Die Geister der Vergangenheit

Die Vergangenheit hinter sich lassen und in die Zukunft blicken – das sagt sich so leicht, doch nicht jeder schafft es, loszulassen und zu vergessen. Besonders dann nicht, wenn man solch ein traumatisches Erlebnis hatte wie Elisabetta Shapiro, Ich-Erzählerin des Romans „Das Marillenmädchen“ von Beate Teresa Hanika.
Jedes Mal, wenn Elisabetta nach mütterlicher Tradition aus den Früchten ihres Marillenbaumes Marmelade kocht und den Duft einatmet, kommen die Erinnerungen an ihre jüdische Familie hoch. Sie war gerade einmal neun Jahre alt, als ihre Eltern und ihre beiden älteren Schwestern Rahel und Judith 1944 ins KZ deportiert wurden, und kehrte als einzige Überlebende ins Familienhaus zurück.
Dass eines Tages die junge deutsche Balletttänzerin Pola zur Untermiete in ihr Haus einzieht, macht die Sache nicht leichter.
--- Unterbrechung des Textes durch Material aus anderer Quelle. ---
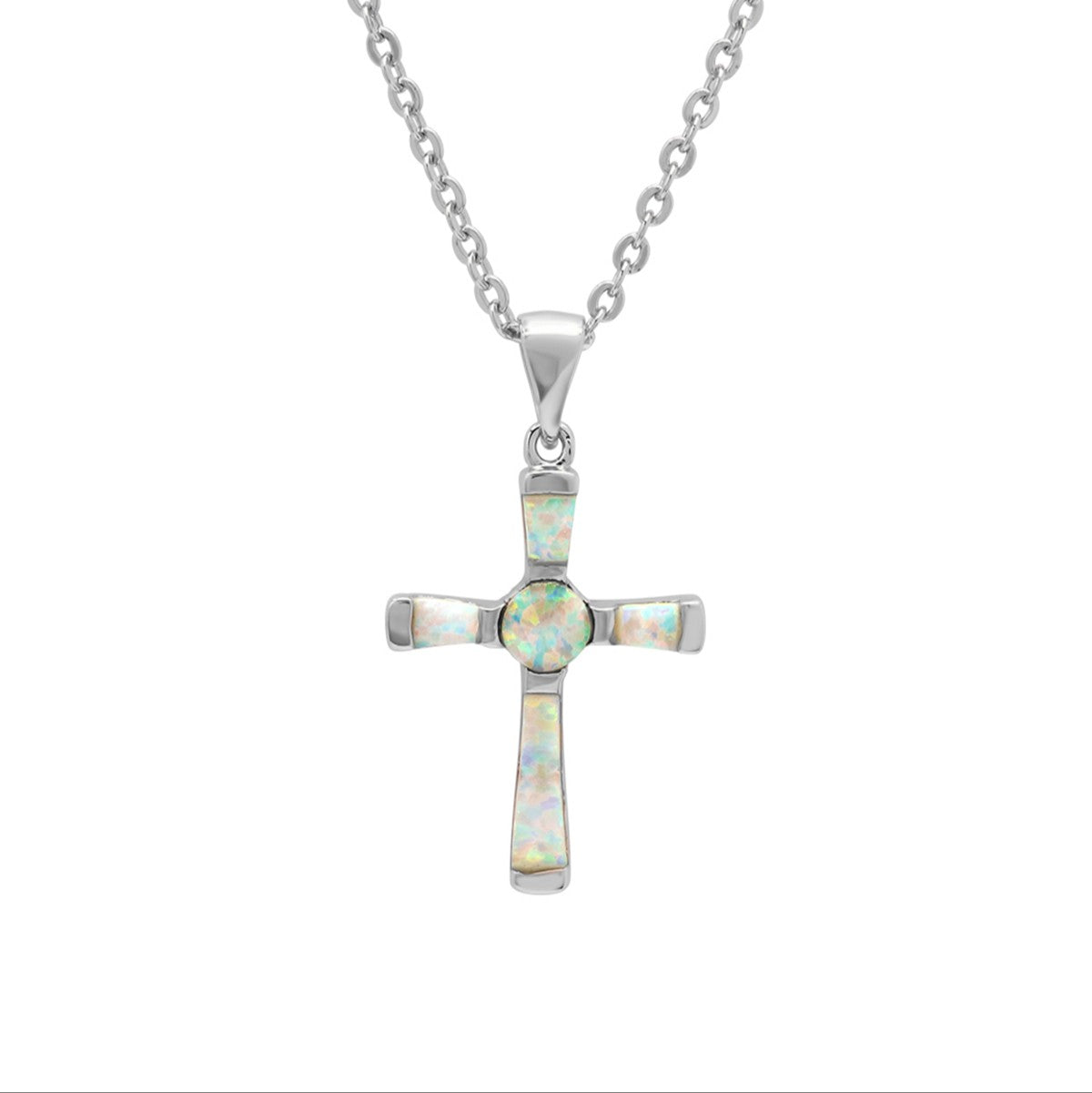 Women's Brass Genuine Opal Cross Necklace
Elisabetta führt ständig Zwiegespräche mit ihren verstorbenen Schwestern und durchlebt in ihren Gedanken die Vergangenheit ein zweites Mal. Die Autorin wechselt dabei nicht nur die Zeitebenen, sondern auch die Erzählperspektive. So erfahren wir parallel Polas enge Freundschaft zu einem Mädchen, das ebenfalls Rahel heißt, und dass eine Verbindung zu Elisabettas Leben besteht.
Beate Teresa Hanika schreibt bildgewaltig, intensiv und poetisch. Manche Szenen sind so beklemmend, das sie noch eine ganze Weile nachwirken. Allerdings hatte ich immer wieder Schwierigkeiten, der Handlung zu folgen. Sowohl die Zeitebenen als auch die gleichnamigen Frauen lassen sich schwer auseinanderhalten und sorgen für Verwirrung.